The Nature of Water and Air by Regina McBride

Emily White of the New York Times Book Review says “Regina McBride writes in a shimmering and often hypnotic prose style, one that’s full of incantatory repetition…The Nature of Water and Air has an urgent melancholy about it — it casts an undeniable spell.”

I have mixed feelings about this book. On the one hand, I thought McBride managed to capture a particular time and place (1970s Ireland) extremely well. I was intrigued by the book’s opening lines: “There are silences all around my mother’s story.” But in some intangible way, I felt that the novel failed me.
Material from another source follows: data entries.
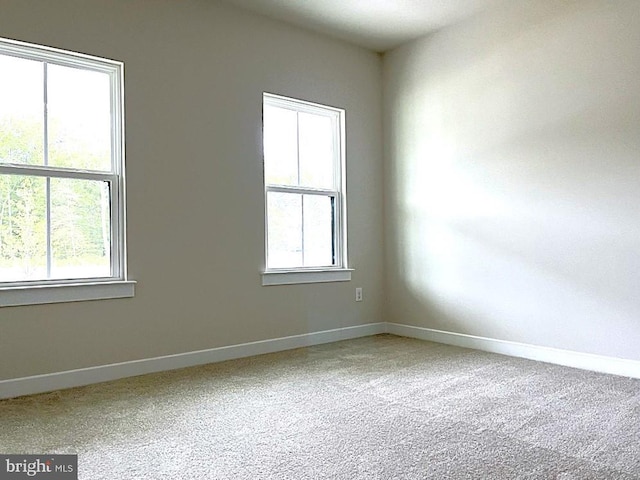 spare room featuring carpet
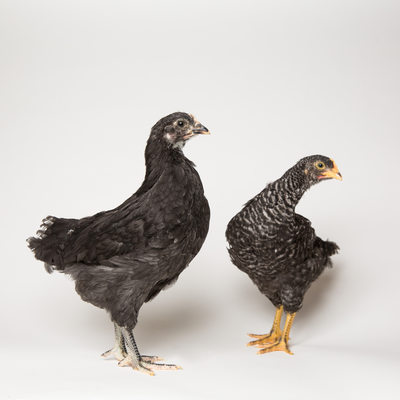 Noodle and Pepper, the Two Black Hens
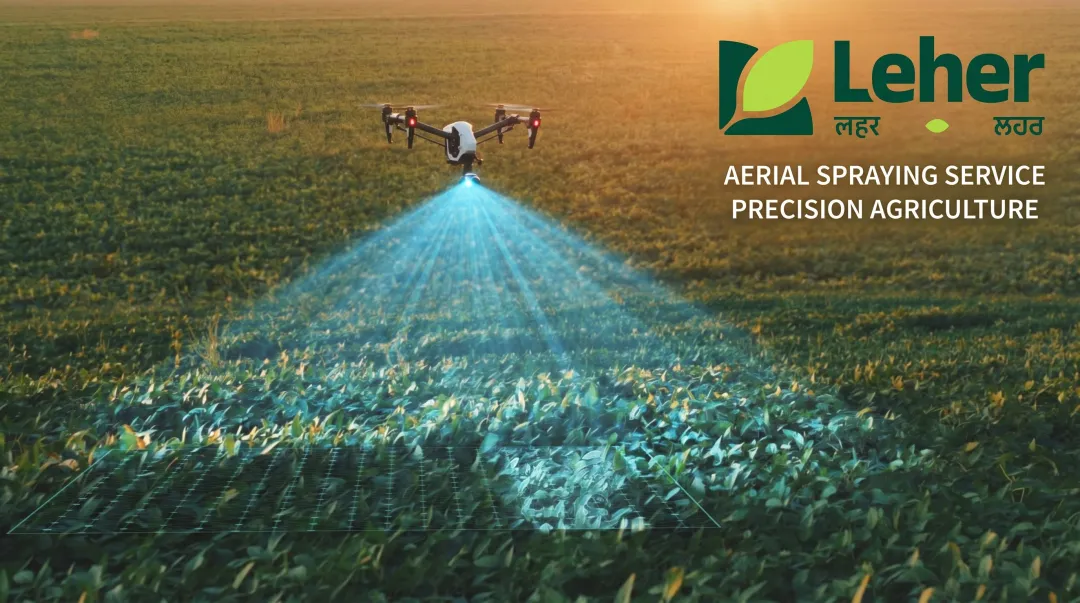Agricultural drone spraying foliar nutrients over dense crop canopy from above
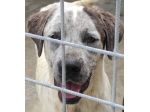 JAGO ADORABILE TENERONE: CANE IN ADOZIONE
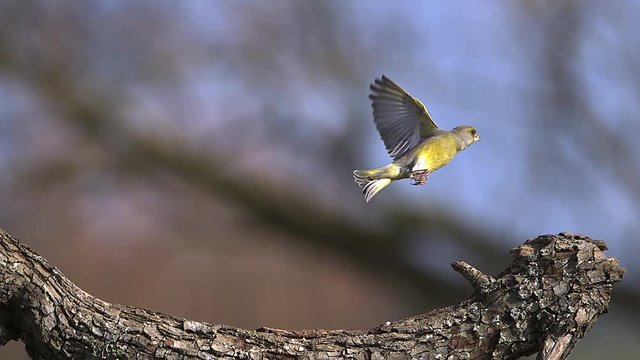 European Greenfinch, carduelis chloris, Adult taking off from Branch with Food in its Beak, Slow motion
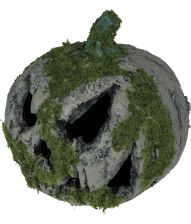 Græskar med mos 20 cm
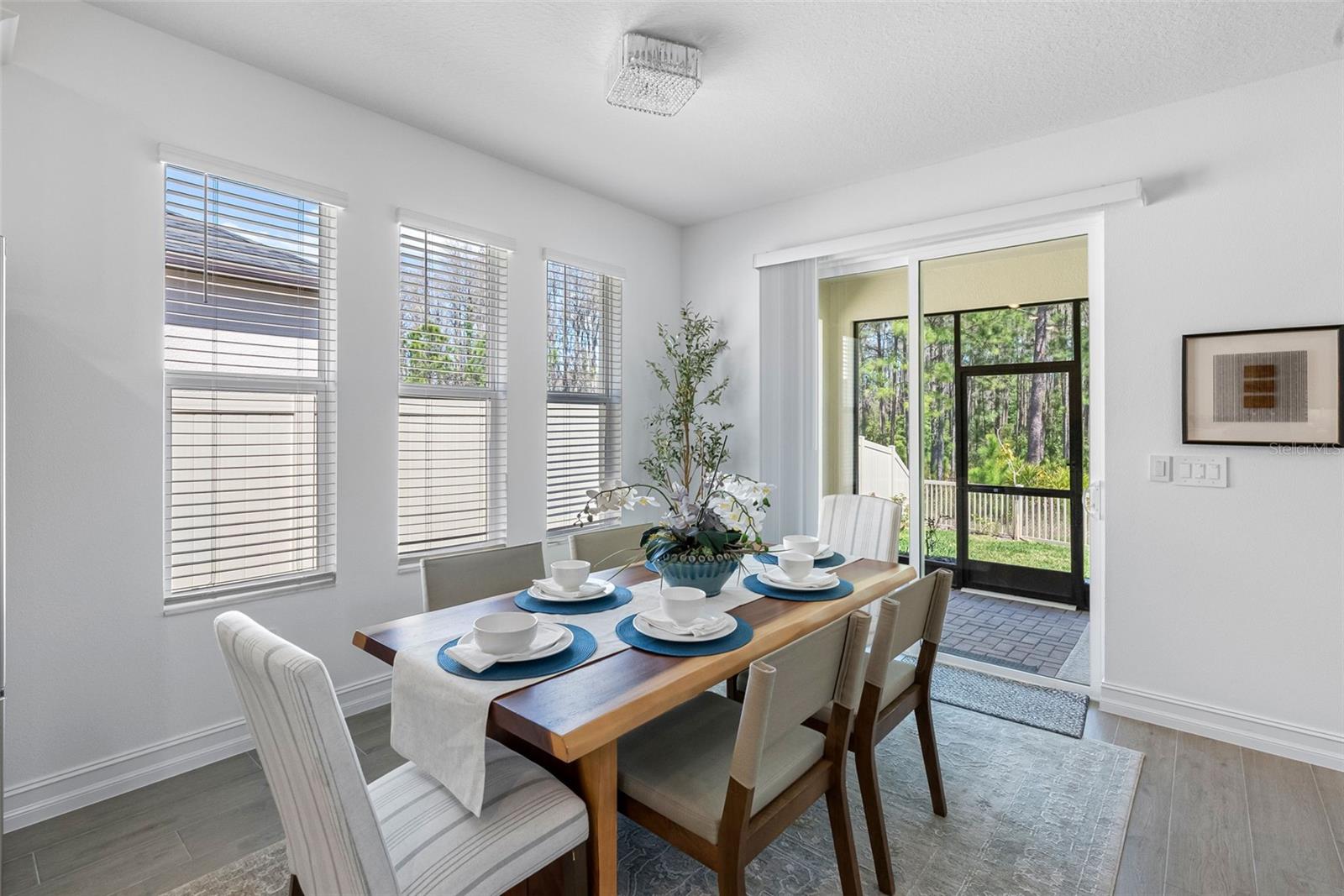 18178 SERENE LAKE LOOP, LUTZ, FL, 33548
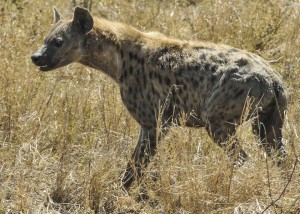 hyena-591880_960_720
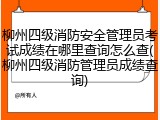 柳州四级消防安全管理员考试成绩在哪里查询怎么查(柳州四级消防管理员成绩查询)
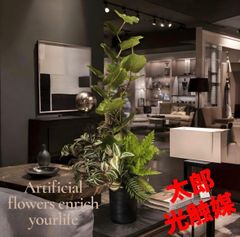 光触媒 人工観葉植物 ウォールグリーン フェイクグリーン シーグレープ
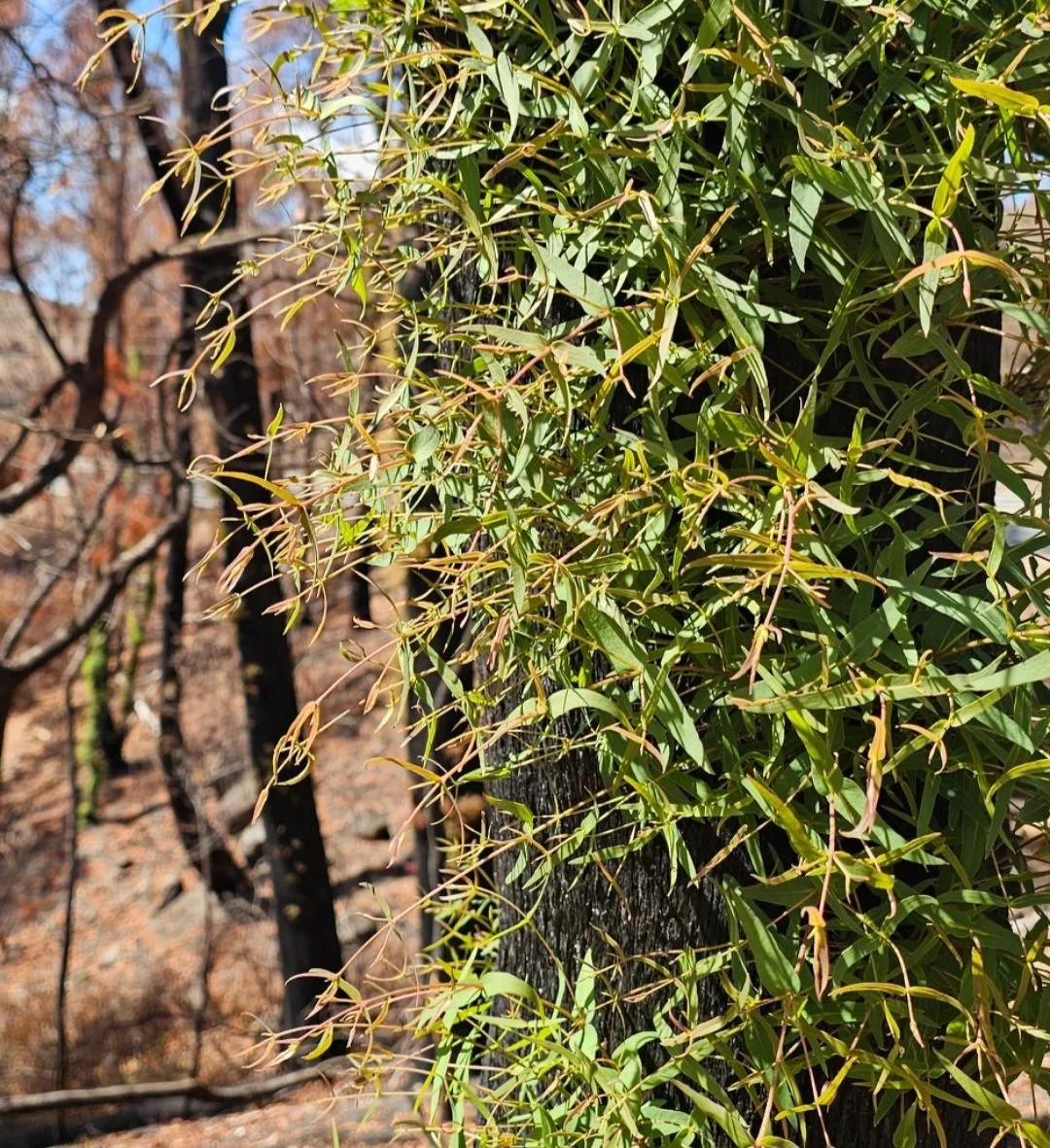 Post-Traumatic Stress and Post-Traumatic Growth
The narrator of The Nature of Water and Air is Clodagh, a sensitive, intelligent girl whose life is touched by tragedy. Clodagh and her twin sister, Mare, live with Agatha, their emotionally distant mother, and Mrs. O’Dare, their housekeeper, in a crumbling manor house. Agatha is not a traditional mother- before she “settled” she was a tinker- part of a sub-culture of people who traveled in caravans, selling bits and pieces and camping in fields. What little affection Agatha does manage to share goes to Mare, who is very ill and subsequently dies. Clodagh spends the rest of her young childhood watching her mother from behind corners and through windows.

It is difficult to say much more about this book without spoiling some of its revelations.

McBride is a poet and it’s apparent in her prose. Her writing is lyrical and often quite lovely, but it also occasionally stands in the way of the narrative. While I can’t say that I loved this book, I certainly appreciated McBride’s talent. And in the end, despite some of the questions I had, I felt satisfied by the time I had spent with Clodagh.